Listening is key to all-star Monterey Quartet's success

It's a slight exaggeration to say that the Monterey Quartet is a pickup band. As saxophonist Chris Potter explains by phone from his New York City home, the all-star foursome did have a couple of rehearsals before making its debut at the fabled Monterey Jazz Festival in 2007.

But for Potter—as well as for bassist Dave Holland, pianist Gonzalo Rubalcaba, and drummer Eric Harland—a big part of this unit's appeal is that its members don't get the chance to play together on a regular basis.

“There's a certain kind of high energy that happens when you're in exactly that kind of situation,” he says. “And it's also a thing I think we've all experienced in the studio, when you go in to record an album: very, very often the first take is the best take. Even if you don't feel good about it at the time, when you listen to it afterwards you realize that it has a certain freshness to it that the later takes, even if they're technically perfect, don't have.”

Potter and company didn't quite stick to that program when assembling their debut CD, scheduled for an August release on the Concord label.
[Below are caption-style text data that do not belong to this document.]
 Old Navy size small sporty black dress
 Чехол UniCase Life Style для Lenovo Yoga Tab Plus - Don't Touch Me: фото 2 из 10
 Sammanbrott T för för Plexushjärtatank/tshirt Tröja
After comparing tapes of their first show against their second, they agreed that the music improved after they'd settled down a little bit. But it's not like they're going to be overrehearsed when they come to the TD Canada Trust Vancouver International Jazz Festival. Since their debut, they've only done a handful of similarly high-profile jazz-festival shows—not that this worries the saxophonist.
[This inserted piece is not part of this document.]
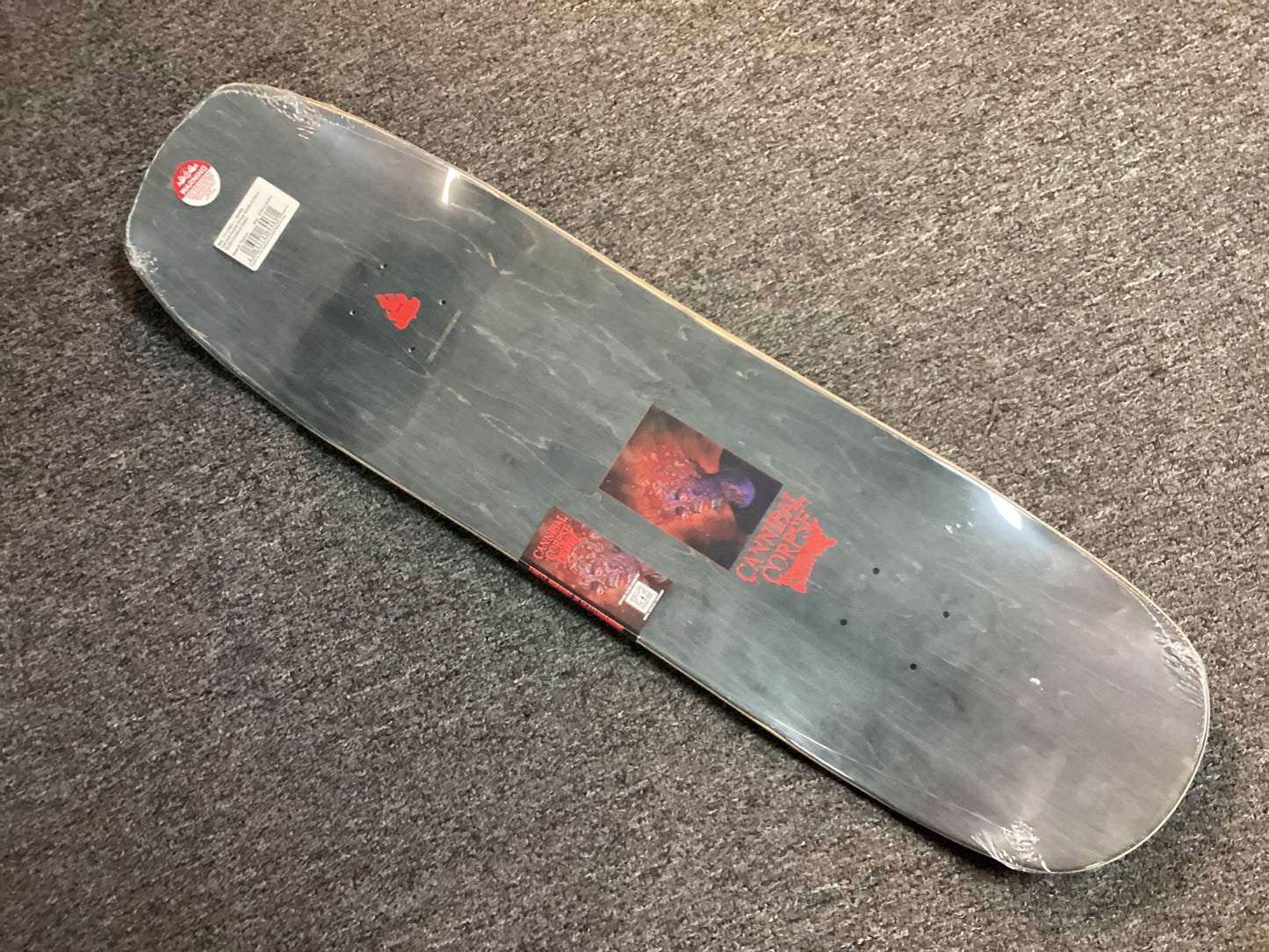 Creature X Cannibal Corpse Skateboard Deck 8.75” Chaos Horrific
“The thing that made it work is that everyone is on such a high level, and such a good listener,” he notes. “Our frames of reference—the way that we think about music, the things that we're trying to get to—are similar enough that it just seemed to work out surprisingly well. Sometimes these all-star situations don't jell quite as well.”
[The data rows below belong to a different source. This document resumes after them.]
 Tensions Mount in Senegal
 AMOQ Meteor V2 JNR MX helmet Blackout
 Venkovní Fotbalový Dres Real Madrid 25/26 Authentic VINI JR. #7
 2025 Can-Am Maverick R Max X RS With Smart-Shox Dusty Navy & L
Potter has nothing but praise for virtuosos Rubalcaba and Harland, but unsurprisingly he saves his kindest words for Holland. Not only has the veteran bassist appeared on dozens of classic records, including Miles Davis's electric masterpiece Bitches Brew, he was the saxophonist's employer for almost a decade, beginning in 1997.

“He's a rock, both musically and as a person,” Potter asserts. “You know he's going to stand firm where he is, and he's going to support what's going on. I feel that's definitely his role. And that's a big reason why this band can go in so many directions, because it's coming from so much strength down there in the low end, where it all kinds of starts. It gives the rest of us a lot of freedom.”

The Monterey Quartet plays the Centre in Vancouver for Performing Arts on Sunday (June 28).